Le président de la Confédération africaine de Football dans la tourmente d'un nouveau scandale
Alors que la finale de la Coupe d'Afrique des Nations se joue le 19 juillet 2019 entre le Sénégal et l'Algérie, le Malgache Ahmad Ahmad est à nouveau suspecté d’être impliqué dans une affaire financière.
Selon le site français de la BBC, le Malgache Ahmad Ahmad, président de la Confédération africaine de Football (CAF) élu en 2017, s’est fait rembourser deux séries de frais, "prétendant être dans deux pays différents, pour la même période de neuf jours pendant la Coupe du monde 2018". En juin 2019, il avait été interpellé à Paris dans le cadre d’une information judiciaire engagée notamment pour corruption au sujet d'un "contrat rompu unilatéralement par la CAF avec l’équipementier allemand Puma", avait révélé Jeune Afrique. Et ce, au profit d’une société fournissant du matériel Adidas. Il était sorti libre de la garde à vue, sans poursuite à ce moment là.

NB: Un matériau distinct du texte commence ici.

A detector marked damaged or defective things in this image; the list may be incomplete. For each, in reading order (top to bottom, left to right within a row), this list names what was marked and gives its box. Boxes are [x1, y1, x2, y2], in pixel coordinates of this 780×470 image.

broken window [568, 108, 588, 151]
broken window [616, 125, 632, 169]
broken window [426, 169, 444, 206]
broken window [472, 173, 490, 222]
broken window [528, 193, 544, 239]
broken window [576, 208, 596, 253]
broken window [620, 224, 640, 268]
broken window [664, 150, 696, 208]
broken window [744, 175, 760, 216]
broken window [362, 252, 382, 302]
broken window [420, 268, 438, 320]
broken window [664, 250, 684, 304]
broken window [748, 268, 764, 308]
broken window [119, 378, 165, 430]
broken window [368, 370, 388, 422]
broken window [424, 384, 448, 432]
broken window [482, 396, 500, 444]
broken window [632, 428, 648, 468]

L’affaire évoquée par la BBC concerne donc cette fois une affaire de remboursement de frais. "En tant que vice-président de l'instance dirigeante mondiale du football, M. Ahmad aurait dû recevoir de la Fifa son indemnité journalière de Coupe du monde de 450 dollars, puisqu'elle organisait le tournoi, ce qui signifie qu'il a peut-être reçu trois séries de paiements pour la période de neuf jours en question." Sans avoir le don d’ubiquité, il a affirmé dans certains documents se trouver en Egypte (qui accueille le siège de la CAF), dans d’autres… en Russie (où avait lieu le Mondial 2018).
"Mauvaise gestion", "malversations", "corruption", "abus de pouvoir"…

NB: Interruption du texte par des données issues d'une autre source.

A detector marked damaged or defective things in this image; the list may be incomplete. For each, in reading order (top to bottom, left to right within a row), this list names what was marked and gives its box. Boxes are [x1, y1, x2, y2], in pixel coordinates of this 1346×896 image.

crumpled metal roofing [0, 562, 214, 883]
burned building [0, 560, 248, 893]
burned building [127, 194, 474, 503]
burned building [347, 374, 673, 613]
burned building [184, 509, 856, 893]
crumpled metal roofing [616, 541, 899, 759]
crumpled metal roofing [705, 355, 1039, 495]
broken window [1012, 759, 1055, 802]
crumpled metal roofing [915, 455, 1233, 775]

D’autres soupçons pèsent sur Ahmad Ahmad. Il est notamment "accusé de fraude contractuelle, de mauvaise gestion des fonds de la CAF et de versements de 20 000 dollars effectués directement sur les comptes privés de présidents de fédération", affirmait, le 15 mars, le site insideworldfootball.com, repris par sport24info.ma.
De son côté, l’ancien président de la Fédération libérienne de football et membre du comité exécutif de la CAF, Musa Bility, lui a reproché des "abus de pouvoir" et des "malversations financières", dont il ne précise pas la nature, rapportait le site marocain 360.ma, le 10 février.
En avril, le secrétaire général de l'instance Amr Fahmy, qui avait envoyé une lettre à la FIFA (Fédération internationale de Football association) un mois plus tôt, accusait Ahmad Ahmad de corruption – paiement de pots-de-vin à plusieurs dirigeants, usage personnel de fonds de la CAF – et de harcèlement sexuel à l'encontre de plusieurs salariées de la Confédération. Il a été licencié.
Gangrène ?
D’une manière générale, la corruption semble gangréner une partie du football africain, au Ghana et dans d’autres pays de l’ouest du continent. C’est ce qu’a révélé le documentaire du journaliste ghanéen Anas Aremeyaw Anas.
"Nous avons commencé à lutter contre la corruption et nous avons modifié de nombreuses règles", rétorquait le patron de la CAF en juillet 2018 à BBC Sport. "La corruption n'est pas seulement en Afrique, mais partout dans le monde et tout le monde essaie de la combattre. Peut-être que cela est visible dans certains pays d'Afrique, mais croyez-moi, je suis sûr que dans tous les secteurs et tous les pays, il y a de la corruption", ajoutait-il.
Dans le même temps, d’autres affaires ont largement entaché la crédibilité du foot africain. Notamment lorsqu'en 2018, la CAF avait constaté que le Cameroun ne serait pas prêt à temps pour accueillir la Coupe d’Afrique des Nations (CAN) l’année suivante, elle a finalement désigné l'Egypte en janvier, après plusieurs inspections et quelques tergiversations.
La CAF sous tutelle
Dans ce contexte, la FIFA, elle-même secouée ces dernières années par des scandales qui ont entaché son image, a tenté de reprendre la main. Pour l’instant, elle a maintenu Ahmad Ahmad à son poste. Mais en le mettant sous tutelle. Dans un communiqué publié le 21 juin, lors de la conférence de presse d'ouverture de la CAN au Caire, la CAF a annoncé la nomination de la secrétaire générale de la FIFA Fatma Samoura, la numéro deux de l’organisation, comme déléguée générale pour l'Afrique à partir du 1er août, pendant six mois. Objectif : superviser le monde du foot africain. Le président Ahmad a affirmé avoir sollicité lui-même cette supervision, qui prévoit notamment "un audit général de la CAF (...) dans les plus brefs délais par la FIFA et la CAF".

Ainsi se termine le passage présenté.